Während meiner Zeit als Verkäuferin von Farben durfte ich einmal eine aufstrebende Künstlerin beraten, die in Gauche malte und immer nur die günstigsten Farben verwendete (die Sorte, die sonst nur für Kindergärten gekauft wird). Sie konnte sich – bis zu dem Zeitpunkt, an dem ich sie traf, die teureren Farben einfach nicht leisten. Nun aber hatte sie ihre ersten großformatigen Bilder verkauft und meinte, es ihren Kunden zu schulden, auf teurere Farben umzusteigen. Obwohl sie selbst die günstigen Farben so liebte. Nachdem ich sie beraten hatte, legte sie ihre Geld lieber in noch größere Leinwände an und blieb bei ihren Kindergarten-Farben. Ich habe mich darüber sehr gefreut.

Unter Umständen das richtige Werkzeug

Daran sieht man auch schon, warum für mich diese Grundsatzdiskussion über professionelles Material oder Material egal müßig ist. Die Frage nach dem richtigen Werkzeug, dem idealen Material lässt sich nicht ohne einen Blick auf die Umstände beantworten, in der etwas Kreatives entstehen soll.
Jemand der malen will, hat vielleicht nicht das Geld, sich teure Farbe und große Leinwände zu kaufen. Dann tut es vielleicht auch die günstige Farbe und Karton.
Vielleicht ist das Geld für das teure Kameraequipment zwar da, doch es fehlt die körperliche Kraft, es überall dahin mitzunehmen, wo fotografiert werden soll – dann ist eine kompakte Kamera sicher die bessere Wahl.

Die Maschine muss auf dich warten nicht umgekehrt.

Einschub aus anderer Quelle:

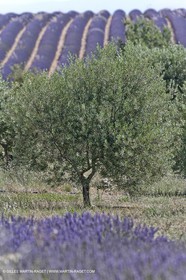 13 08 2007 - Valensole (04) - Lavandes en fleur sur le plateau de Valensole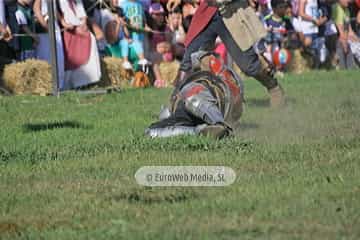 Fiesta de los Exconxuraos de Llanera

Beim Schreiben ist es nicht anders. Ich kenne Autoren, die schwören auf ihren Mac und dieses eine ganz besondere Schreibprogramm, das ihnen beim Plotten und Schreiben hilft und das Buch dann auch gleich noch als Ebook auswirft. Und dann gibt es diejenigen, die auf Stift und Papier schwören, weil es – angeblich – nicht mehr braucht als das, um ein gutes Buch zu schreiben.

Für mich ist auch hier die Frage wichtig, was für die Autorin funktioniert. Braucht man die Zeit, während die Hand noch den letzten Gedanken zu Papier bringt, um den nächsten Gedanken zu formen? Oder sprudeln die Ideen so schnell aus einem heraus, dass man mit dem Tippen kaum nachkommt? Lässt man sich von Emails und SocialMedia ablenken und bevorzugt deswegen einen analogen Weg? Oder muss man alle halbe Seite etwas im Internet nachschlagen und kommt deswegen um ein digitales und internetfähiges Schreibgerät gar nicht herum?

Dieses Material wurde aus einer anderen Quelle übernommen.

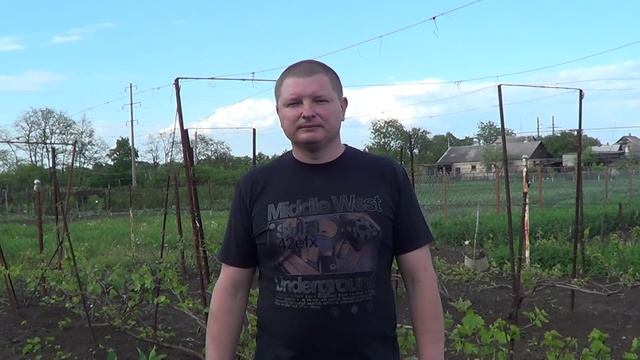 Зудень. Борьба с виноградным клещом. Виноград 2015.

Ein Programmier-Kollege sagte mir einmal, die Maschine muss auf dich warten, nicht umgekehrt. Ich fahre damit sehr gut. Ich tippe lieber, als dass ich von Hand schreibe. Und ich habe meine Texte lieber in mehreren kleinen Stücken vor mir, in einzelnen Szenen-Dateien, in Kapitel-Ordnern, als alles zusammen in einer langen Textdatei. Ich nutze dafür Scrivener, das nicht ideal ist – es ist mir zu überladen mit Funktionalität, die ich nie brauche – das für mich aber funktioniert.
Das ist – denke ich – die wichtigste Frage, wenn man über Werkzeug und Material im kreativen Prozess nachdenkt: Funktioniert es für mich?